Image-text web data
- - -
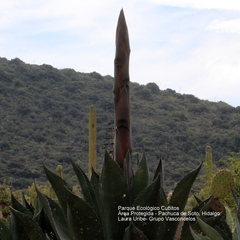 Agave salmiana crassispina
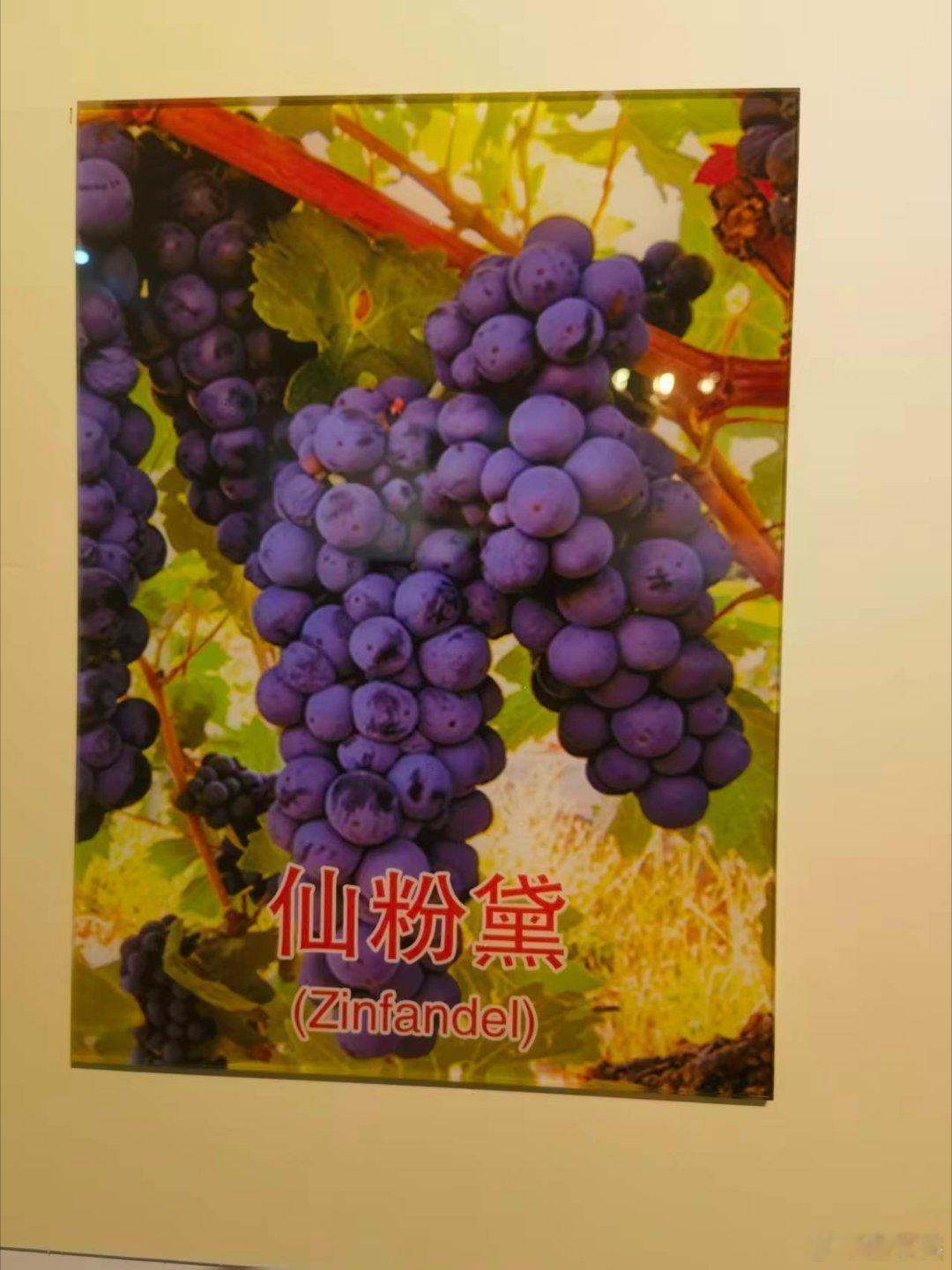 书画家盛怀杰白露 今天是二十四节气里的白露，从今天起就到了仲秋季节。都说白露是二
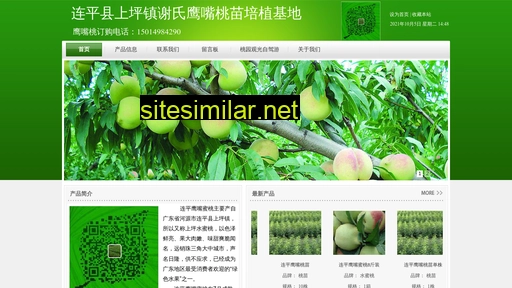 taolizhixiang.com alternative sites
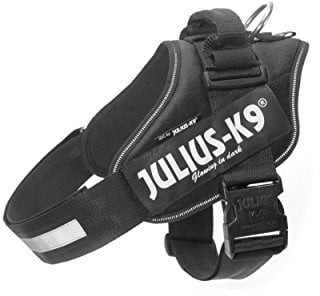 Julius K9 16IDC-P-1 IDC-Powergeschirr mit Logofeld, Gr. 1, schwarz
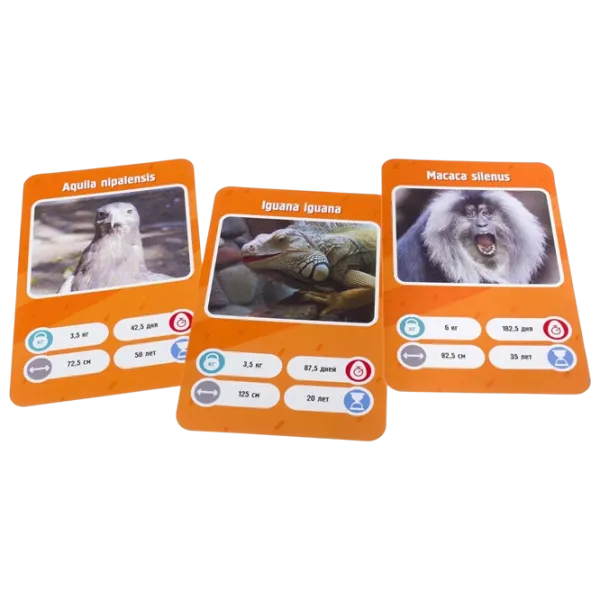 Joc de masă GaGa Games It's a Fact! Zoo 8+/ Dezvoltare photo 5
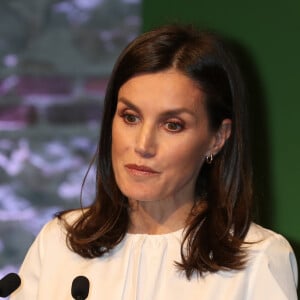 La reine Letizia d'Espagne, présidente d'honneur de l'Association espagnole contre le cancer, présidait le 4 février 2020 au IXe Forum contre le cancer à Madrid, dans le cadre de la Journée mondiale de la lutte contre la maladie.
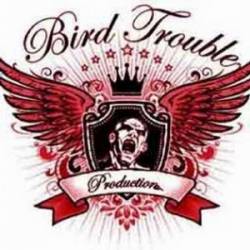 Bird Trouble Production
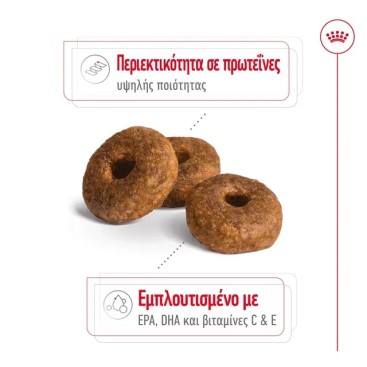 ROYAL CANIN SHN MEDIUM AGEING +10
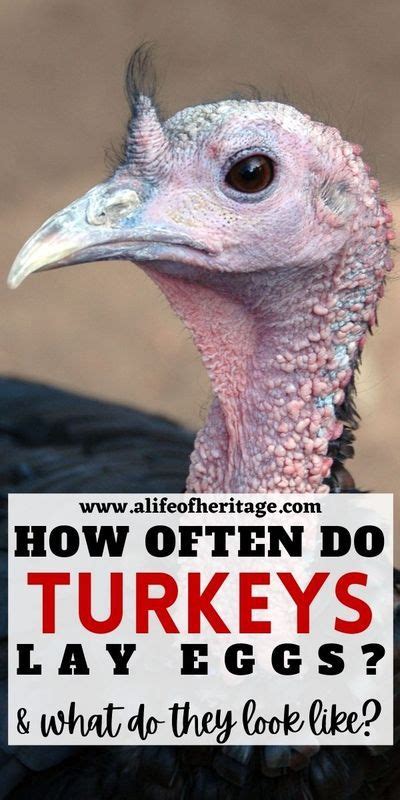 Do Turkeys Lay Eggs Your Questions Answered Great Turkey Egg Info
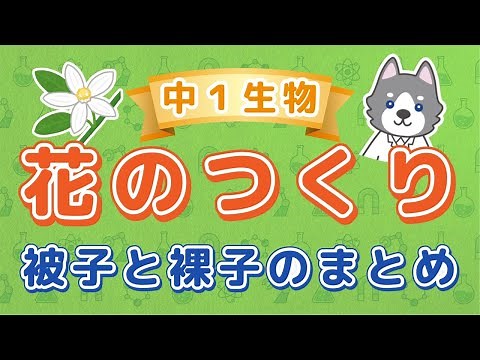 中1理科『花のつくり』＊被子植物と裸子植物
- - -
Transcribe the records word for word and include no pictures.

* ANSWER TO THIS EXERCISE:
 Agave salmiana crassispina
 书画家盛怀杰白露 今天是二十四节气里的白露，从今天起就到了仲秋季节。都说白露是二
 taolizhixiang.com alternative sites
 Julius K9 16IDC-P-1 IDC-Powergeschirr mit Logofeld, Gr. 1, schwarz
 Joc de masă GaGa Games It's a Fact! Zoo 8+/ Dezvoltare photo 5
 La reine Letizia d'Espagne, présidente d'honneur de l'Association espagnole contre le cancer, présidait le 4 février 2020 au IXe Forum contre le cancer à Madrid, dans le cadre de la Journée mondiale de la lutte contre la maladie.
 Bird Trouble Production
 ROYAL CANIN SHN MEDIUM AGEING +10
 Do Turkeys Lay Eggs Your Questions Answered Great Turkey Egg Info
 中1理科『花のつくり』＊被子植物と裸子植物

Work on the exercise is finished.